In quanto non-violento, cosa pensa dell’intervento militare francese in Libia voluto da Nicolas Sarkozy?
Non amo Sarkozy, ma per quanto riguarda l’intervento militare la vedo così: la Libia ha subìto il contagio molto serio di Egitto e Tunisia. Le persone si sono dette: “Siamo sotto un dittatore insopportabile. Gli altri sono partiti e Gheddafi deve partire”. Ma non avevano gli stessi mezzi per farlo. Bisognava aiutarli affinché non fossero massacrati.
Ma il problema è la violenza, a cui lei si oppone.
C’è una contraddizione, sì. Possiamo risolverla aspettando che anche a Tripoli sorga la rivolta e possiamo contribuire rendendo più difficile la situazione di Gheddafi, distruggendo le sue basi e facendo un’azione diplomatica in cui siano coinvolti gli Stati arabi e africani, evitando di colpire i civili. È molto difficile.
Le espulsioni degli extracomunitari sono uno dei motivi per indignarsi di cui lei tratta. Cosa pensa del comportamento di Francia e Italia sulla questione degli immigrati?
Dovrebbero accordarsi per accogliere quelli che vengono dall’Africa del Nord, insieme e con intelligenza. La questione si risolve anche coinvolgendo i paesi d’origine, cosa che non è stata fatta a sufficienza.
Lei scrive anche che non apprezza gli indifferenti. Si è ispirato ad Antonio Gramsci?
Sono gramsciano e considero che la sua maniera di porre il problema dell’impegno mi si addica. Il pensiero italiano ha contribuito molto. Anche Giuseppe Mazzini diceva che bisogna impegnarsi e uscire dall’indifferenza.

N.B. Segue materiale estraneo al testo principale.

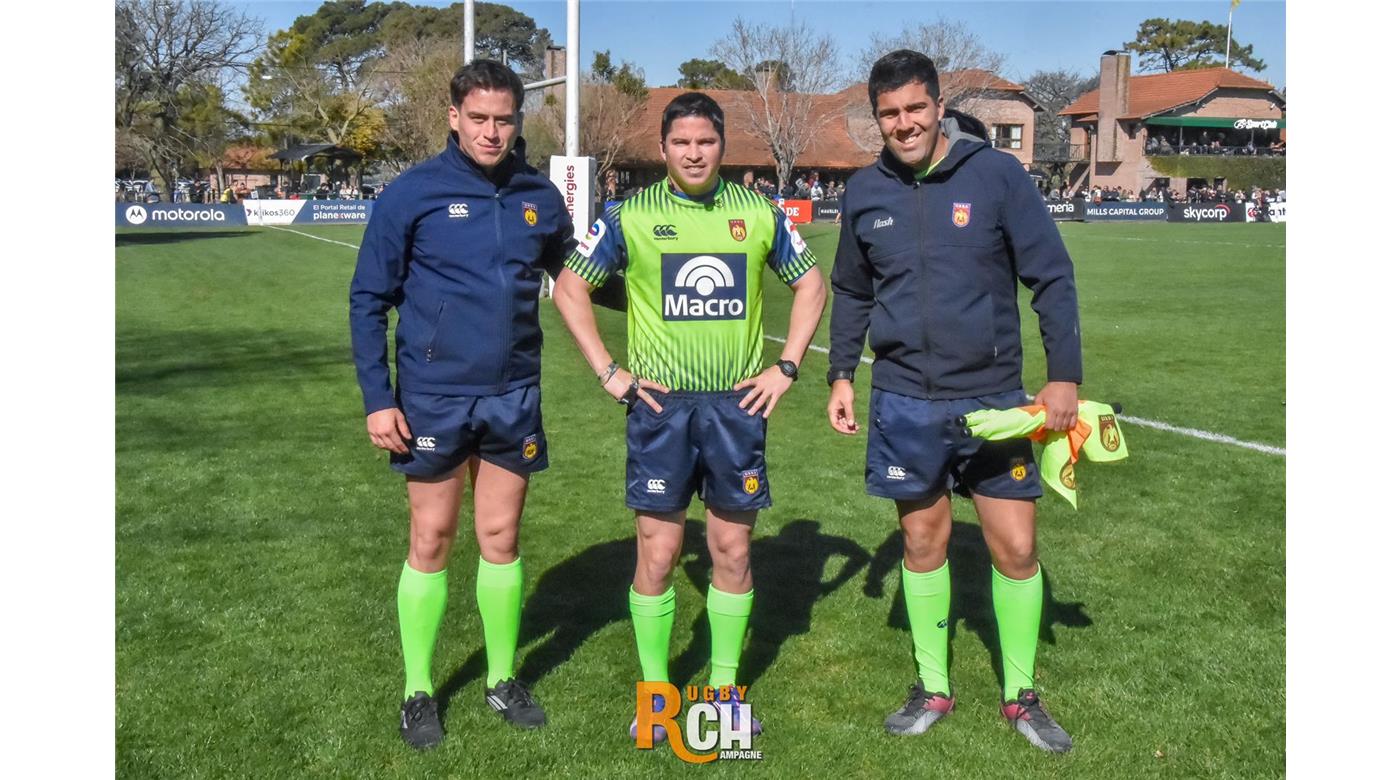 PABLO DELUCA SERÁ EL ÁRBITRO DEL PARTIDO ENTRE MARISTA RC DE MENDOZA Y JÓCKEY CLUB DE CORDOBA PARA SABER QUIEN SERÁ EL CAMPEÓN DEL TORNEO DEL INTERIOR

Pierluigi Battista del Corriere della Sera definisce il vostro libro pieno di concetti banali, in cui il solo scopo è l’indignazione. Come risponde?

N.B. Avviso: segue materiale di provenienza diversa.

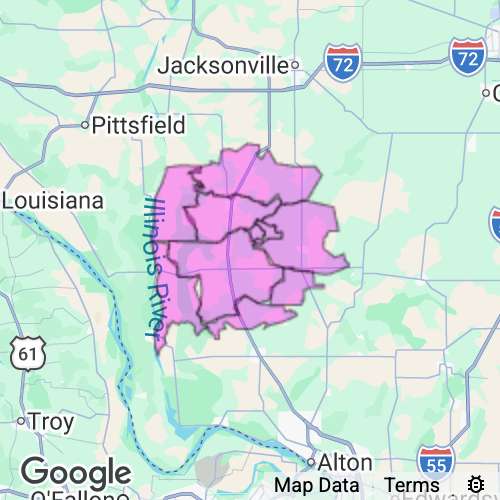 Greene County Illinois real estate agent mailing area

Accetto la critica, ma se leggiamo bene il libro non c’è solo l’indignazione, ma anche l’elenco dei problemi a cui bisogna trovare delle risposte. È l’inizio dell’affermazione delle lotte ecologiste, per la giustizia.

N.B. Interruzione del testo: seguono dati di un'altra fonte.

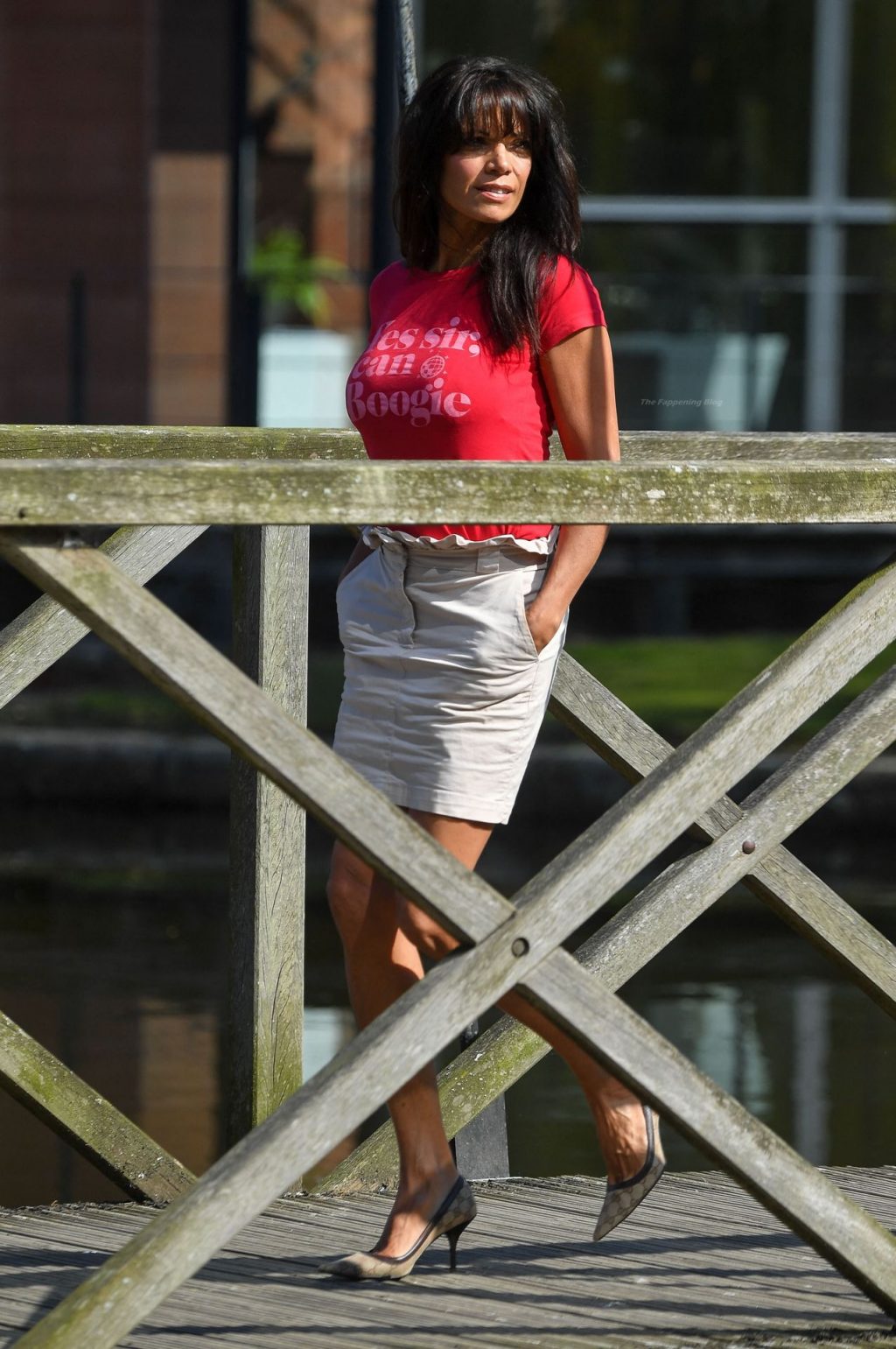 Jenny Powell Flaunts Her Sexy Legs in Manchester (49 Photos)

Ha ricevuto anche delle critiche sulla questione palestinese?
Il governo israeliano mi ha criticato perché m’impegno politicamente per il riconoscimento dello Stato palestinese. Mi hanno chiesto perché non lo faccio anche per il Congo, la Cecenia o altri, ma io ci sono stato più volte (nel 2007 e mi sento responsabile. Altri sono stati in Cecenia, parleranno loro della Cecenia.
Una curiosità. In Francia vi chiamano “papy” (nonno, ndr)?
No.
Lo sa che “papi” è il nome con cui le giovani ragazze di Silvio Berlusconi lo chiamano. Non la indigna questa cosa?
Sinceramente sì. Trovo che sia cattivo e scandaloso. Abbiamo bisogno di avere un po’ di ammirazione per le persone che ci dirigono, ma non è possibile né in Francia, né in Italia.
In Italia diciamo che c’è una gerontocrazia. Però forse i giovani hanno ancora bisogno di persone come voi?
Sì, ma non troppe (ride). Abbiamo soprattutto bisogno di giovani impegnati e coraggiosi, ma gli anziani che ci sono possono essere degli utili testimoni. I giovani possano ricevere delle buone informazioni su quello che i loro nonni hanno fatto. Ce n’è bisogno, sì, ma non troppi.